(Captioned web image data)
....
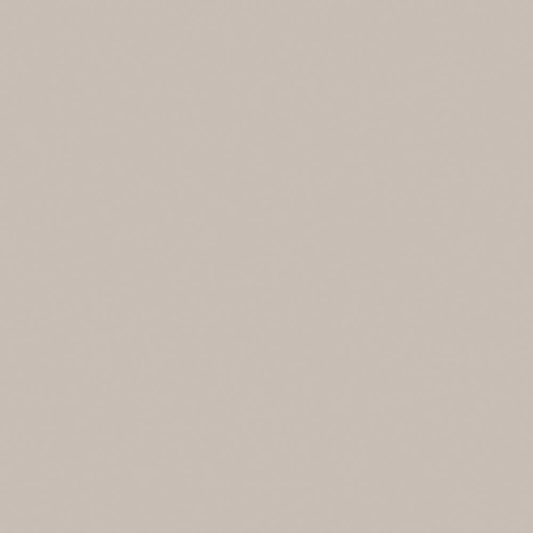 Wilsonart Pepperdust D327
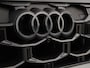 Audi Q7 55 TFSI e quattro Pro Line S | Pano | Vierwielsturing | Head up | Parking remote | Stoelventilatie/massage |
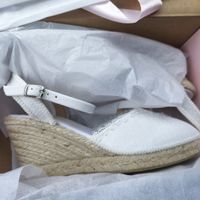 x fin tengo zapatos - 3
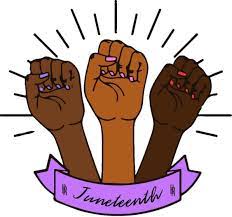 Does your idea of valuable culture only mean rich europeans? Happy Juneteenth The Modern Mama Jama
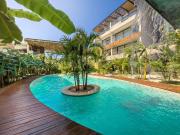 Xperiencie Tulum Centro Estudio Reventa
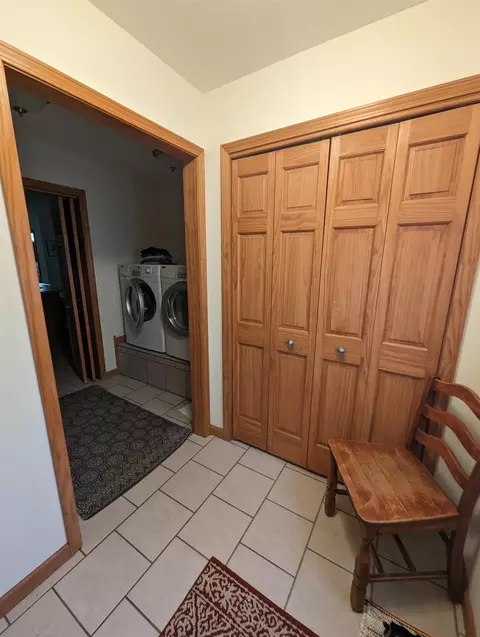 2865 Rumsey #LOT : 14, Au Gres, MI 48703 photo 44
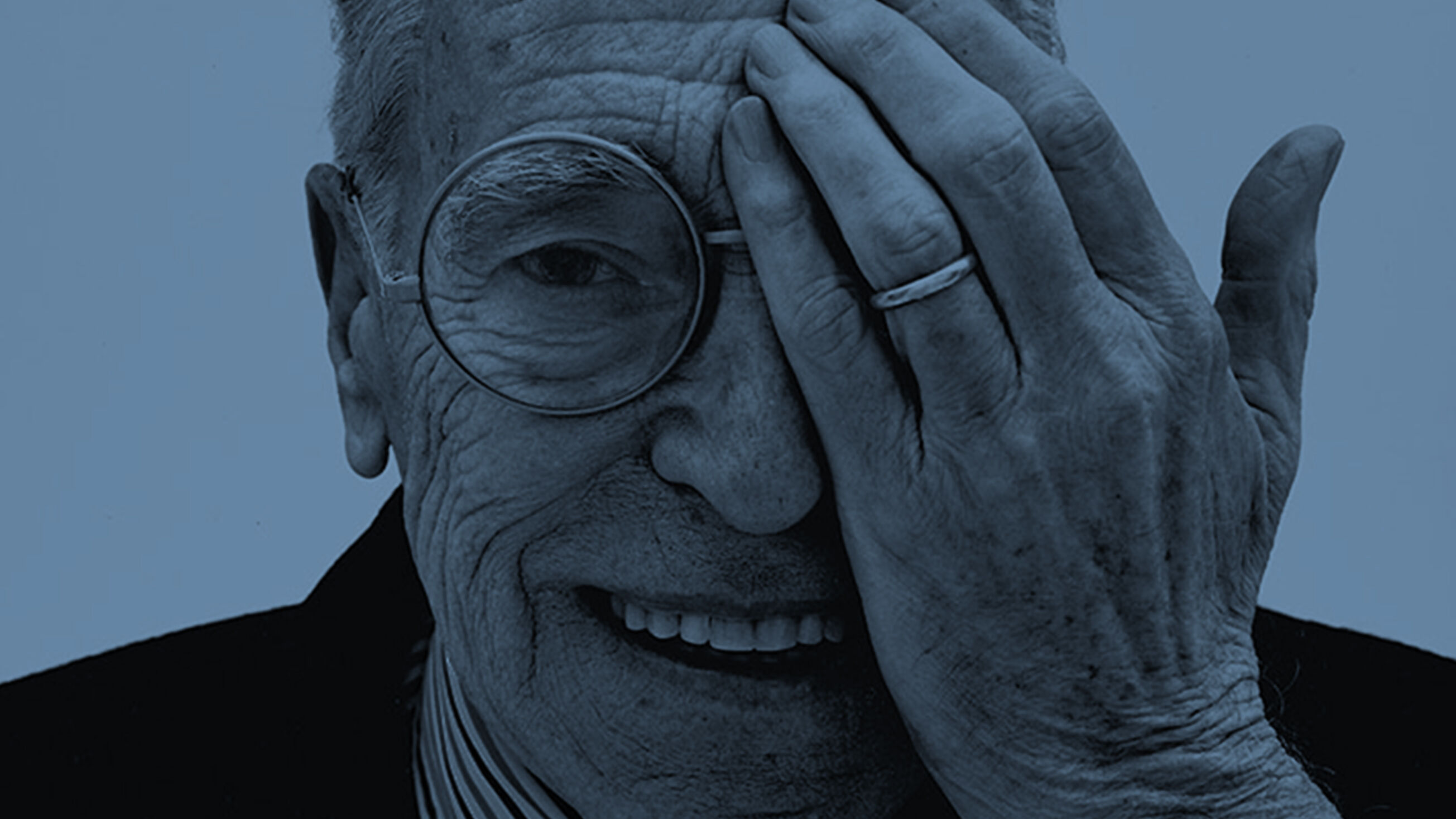 designers-d-achille-castiglioni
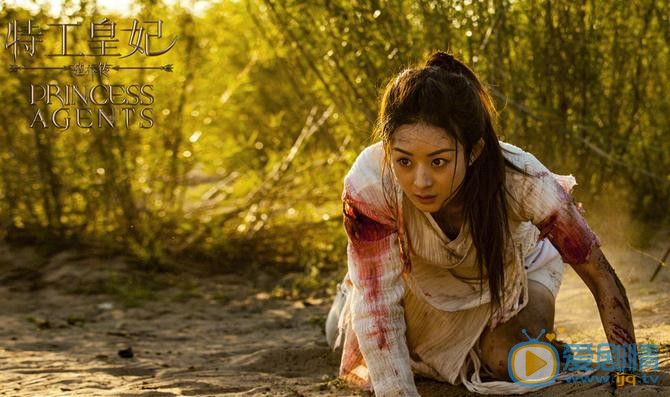 特工皇妃楚喬傳是小說改編的嗎？特工皇妃楚喬傳主要講述的是什麼？特工皇妃楚喬傳歷史背景是什麼？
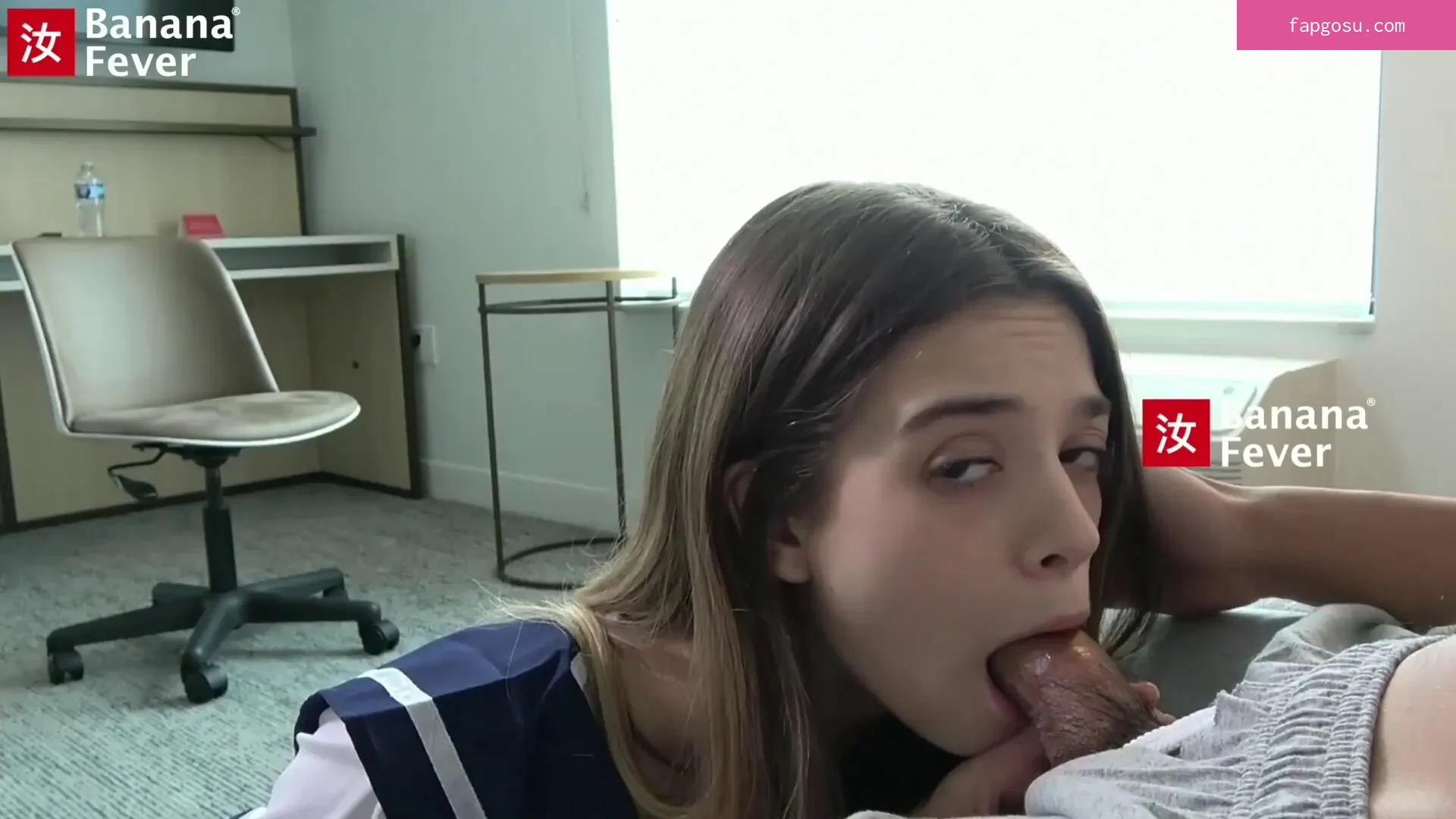 maybemollyy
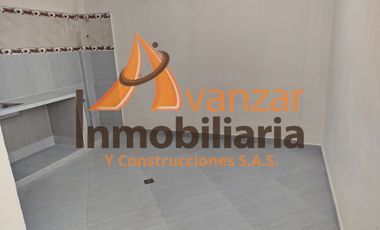 ARRIENDO CASA BUCARAMANGA SAN FRANCISCO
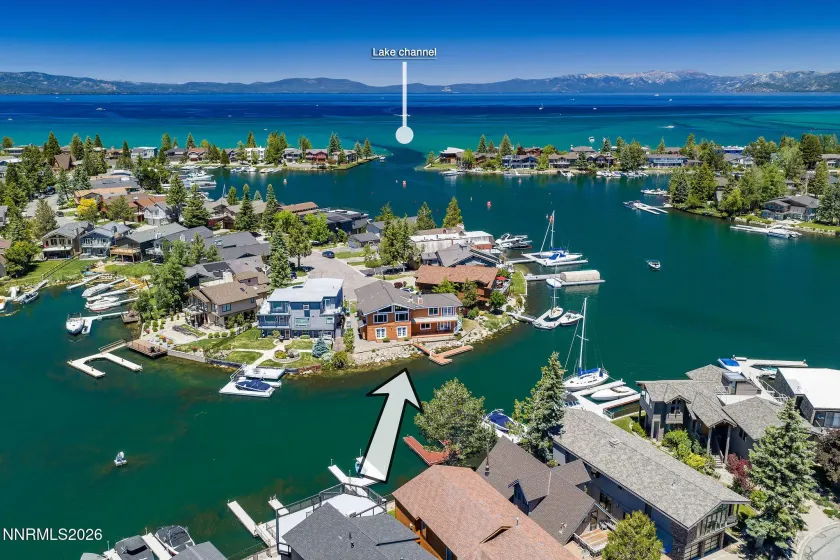 2067 Aloha, South Lake Tahoe, California 96150, 4 Bedrooms Bedrooms, ,3 BathroomsBathrooms,Residential,Residential,Aloha,0,260007551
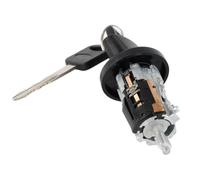 cilindro accensione Per Mercury Per Cougar Per Marauder | Interruttore accensione Cilindro serratura Chiavetta 1F2009012 1F2009012A 1F2009012B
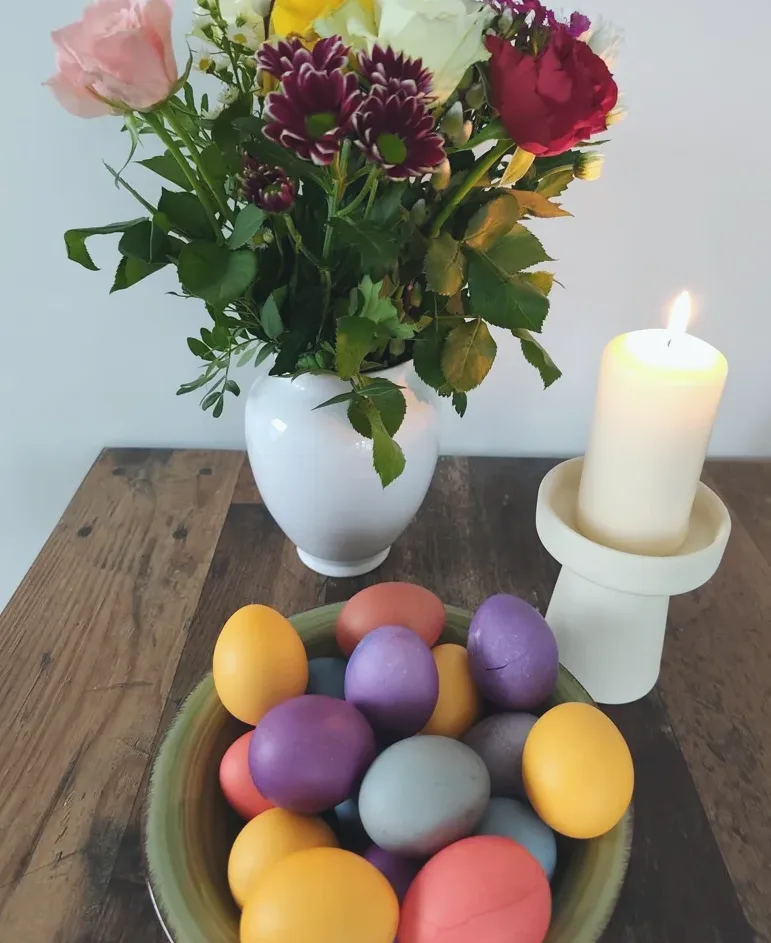 Verena, 28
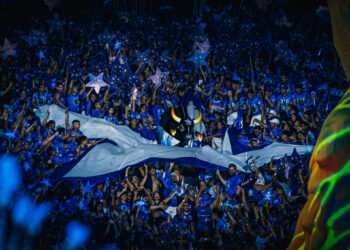 Análises trazem destaques de Caprichoso e Garantido na 2ª noite do Festival de Parintins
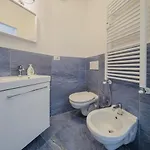 Azul By Interhome راباللو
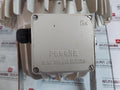 Emerson Cled Led Wellglass Lighting Luminaires Cled03Cg51Lbu Sh01600022 Sh03300041-1 94V-0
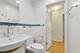 9225 Karlov, Skokie, IL 60076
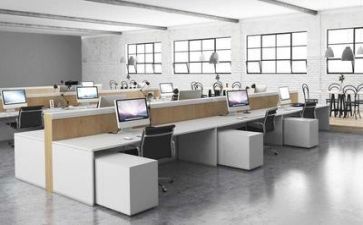 新公司工作总结报告5篇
....
▸ Problem statement
Whenever a picture appears, leave it out, and return every record exactly.

▸ Solution below
 Wilsonart Pepperdust D327
 Audi Q7 55 TFSI e quattro Pro Line S | Pano | Vierwielsturing | Head up | Parking remote | Stoelventilatie/massage |
 x fin tengo zapatos - 3
 Does your idea of valuable culture only mean rich europeans? Happy Juneteenth The Modern Mama Jama
 Xperiencie Tulum Centro Estudio Reventa
 2865 Rumsey #LOT : 14, Au Gres, MI 48703 photo 44
 designers-d-achille-castiglioni
 特工皇妃楚喬傳是小說改編的嗎？特工皇妃楚喬傳主要講述的是什麼？特工皇妃楚喬傳歷史背景是什麼？
 maybemollyy
 ARRIENDO CASA BUCARAMANGA SAN FRANCISCO
 2067 Aloha, South Lake Tahoe, California 96150, 4 Bedrooms Bedrooms, ,3 BathroomsBathrooms,Residential,Residential,Aloha,0,260007551
 cilindro accensione Per Mercury Per Cougar Per Marauder | Interruttore accensione Cilindro serratura Chiavetta 1F2009012 1F2009012A 1F2009012B
 Verena, 28
 Análises trazem destaques de Caprichoso e Garantido na 2ª noite do Festival de Parintins
 Azul By Interhome راباللو
 Emerson Cled Led Wellglass Lighting Luminaires Cled03Cg51Lbu Sh01600022 Sh03300041-1 94V-0
 9225 Karlov, Skokie, IL 60076
 新公司工作总结报告5篇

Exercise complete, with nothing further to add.